In order to exercise any of the rights set out above, or if you have questions or concerns about how we process your data, please contact us at firstname.lastname@example.org or by post at OTHS The Griffeen Centre Office 1, First Floor Dublin.
You also have the right to lodge a complaint with the Information Commissioner’s Office, whose contact details are as follows:
Data Protection Commission
Station Road, Portarlington,
Co. Laois, R32 AP23,
Telephone +353 (0761) 104 800 | LoCall 1890 25 22 31 | Fax +353 57 868 4757
GDPR Compliance Summary
OTHS has carried out a thorough analysis of the information security policies and controls in place to conclude that OTHS is compliant with the GDPR as expected from a processor with the exceptions listed separately, which require mutual agreement and assumptions.
OTHS IS FULLY COMPLIANT WITH THE BELOW GDPR ARTICLES:
Article 25 Data protection by design and by default, Article 28 Processor, Article 29 Processing under the authority of the controller or processor, Article 30 Records of processing activities, Article 31 Cooperation with the supervisory authority, Article 32 Security of processing, Article 33 Notification of a personal data breach to the supervisory authority, Article 34 Communication of a personal data breach to the data subject, Article 35 Data protection impact assessment, Article 40 Codes of conduct, Article 49 Derogations for specific situations.

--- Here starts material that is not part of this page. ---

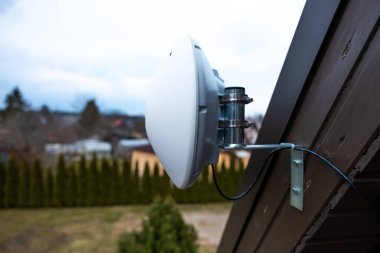 Beyaz kubbe şekilli WiFi yönlendirici ev duvarına metal ayraçlarla monte edilmiş, her zaman yeşil ağaçlara, yerleşim yapılarına ve bulutlu gökyüzüne kurulmuş..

We do not store and or process any “Sensitive Personal Data” a Data Protection Officer (DPO) is not required, however, you can contact us at the following email address with any queries / concerns email@example.com
EXCEPTIONS / ASSUMPTIONS:
In case of Article 7 Conditions for consent, and Article 44 General principle for transfers, all payroll data sent to OTHS is stored within our network in Dublin, Ireland; however, payroll data sent via email and secure file transfer, this data resides within European Union. To accommodate Article 44, we will follow up with each affected client individually who use their own portals for payroll data transfer which are not in the European Union.
In case of Article 47 Binding corporate rules, the payroll data of our UK clients, where their payroll data will be sent to Ireland for processing and reported back to the HM Revenue and Customs from Ireland; which would fall under point 2, sub point c, as we are required to submit Real Time Information (RTI).
In case of Article 48 Transfers or disclosures not authorised by Union law, OTHS will only honour such requests, where a mutual legal assistance treaty is in force between the requesting third country and the Republic of Ireland and with a written consent from the client (controller).
In case of Article 50 International cooperation for the protection of personal data, should OTHS deem necessary to consult the supervisory authorities prior to personal information (payroll data) transfer to a third country, the affected client will be notified to provide OTHS any and or all documentation of personal data protection legislation and practice, including on jurisdictional conflicts with third country to in order to submit a query to the supervisory authorities for clarification.
Please note that any policies and or procedures referenced in this document are classed as OTHS Confidential and these WILL NOT be shared with any third party and or client.